The older I get the more concerned I am that I'm getting old. Not that I feel like I'm old or anything. It's just... I read a commentary in Entertainment Weekly (which, all on its own, makes me feel old) about a 31-year-old who thought she was losing touch with kids these days, and I could completely relate. (Apparently only old people play Scrabulous on Facebook. That's a telltale sign you're old.) Lately my hands have been feeling/looking old. The weather is turning them into scaly shadows of their former tiny glory that only needs pointier, sharper fingernails to be mistaken for eagle claws. I've been enjoying sour cherry jam that apparently is good for preventing gout.

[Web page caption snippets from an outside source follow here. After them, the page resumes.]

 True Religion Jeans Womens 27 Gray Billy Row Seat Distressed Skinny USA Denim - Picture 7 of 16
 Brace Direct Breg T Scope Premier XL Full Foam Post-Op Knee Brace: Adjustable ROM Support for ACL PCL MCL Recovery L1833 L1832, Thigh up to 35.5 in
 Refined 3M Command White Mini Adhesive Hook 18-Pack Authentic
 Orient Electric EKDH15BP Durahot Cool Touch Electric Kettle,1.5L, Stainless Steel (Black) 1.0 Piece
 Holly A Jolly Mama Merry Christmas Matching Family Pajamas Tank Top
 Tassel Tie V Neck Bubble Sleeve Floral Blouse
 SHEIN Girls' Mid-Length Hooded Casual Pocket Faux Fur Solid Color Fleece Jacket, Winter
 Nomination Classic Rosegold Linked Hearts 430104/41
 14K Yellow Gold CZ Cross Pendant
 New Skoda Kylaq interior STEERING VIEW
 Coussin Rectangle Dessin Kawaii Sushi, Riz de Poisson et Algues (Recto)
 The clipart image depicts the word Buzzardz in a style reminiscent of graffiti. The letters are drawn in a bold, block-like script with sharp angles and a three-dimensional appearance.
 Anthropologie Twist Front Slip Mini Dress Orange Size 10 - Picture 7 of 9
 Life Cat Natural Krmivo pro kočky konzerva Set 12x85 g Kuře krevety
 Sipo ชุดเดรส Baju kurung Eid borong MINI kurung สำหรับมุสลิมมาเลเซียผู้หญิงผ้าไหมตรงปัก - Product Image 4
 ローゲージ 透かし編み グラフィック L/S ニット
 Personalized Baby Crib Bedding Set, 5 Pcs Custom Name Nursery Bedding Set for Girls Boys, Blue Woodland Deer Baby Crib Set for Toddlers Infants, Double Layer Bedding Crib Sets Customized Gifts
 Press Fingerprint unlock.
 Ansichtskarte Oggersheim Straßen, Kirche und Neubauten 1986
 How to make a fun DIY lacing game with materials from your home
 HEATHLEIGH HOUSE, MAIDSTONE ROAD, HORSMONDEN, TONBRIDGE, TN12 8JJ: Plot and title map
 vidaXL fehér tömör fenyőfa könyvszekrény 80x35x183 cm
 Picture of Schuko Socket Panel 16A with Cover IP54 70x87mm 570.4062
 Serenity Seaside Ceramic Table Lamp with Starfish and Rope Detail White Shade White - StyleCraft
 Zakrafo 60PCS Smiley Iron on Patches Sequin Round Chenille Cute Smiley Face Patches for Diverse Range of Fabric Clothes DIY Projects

I've been thinking of taking a multivitamin and calcium supplements to improve my general health.
These things worry me.
Tonight I talked to my mom. My grandmother broke her arm last week in a fall, leading my grandfather to finally give the OK for both of them to go into extended care. I remember visiting them years ago and mentioning to my mom afterwards that she needed to be prepared for the next time she saw Omi because she showed signs of dementia. Now it's developed into Alzheimer's. My grandfather is 97 and tired of being alive because all his friends' children are dying. Aging hasn't looked very fun for a really long time. My aging relatives aren't those happy, smiling seniors in Depends and denture cream commercials, dancing and eating apples. While I appreciate the longevity of my family's genes, I'm concerned that, if I'm feeling old now, it will just get worse unless I take drastic measures.
I think it's time to do stupid things. I'm not sure what constitutes stupid at this point, but something has to be done. I'll welcome suggestions that don't hold a dangerously high level of risk (I want to age a little).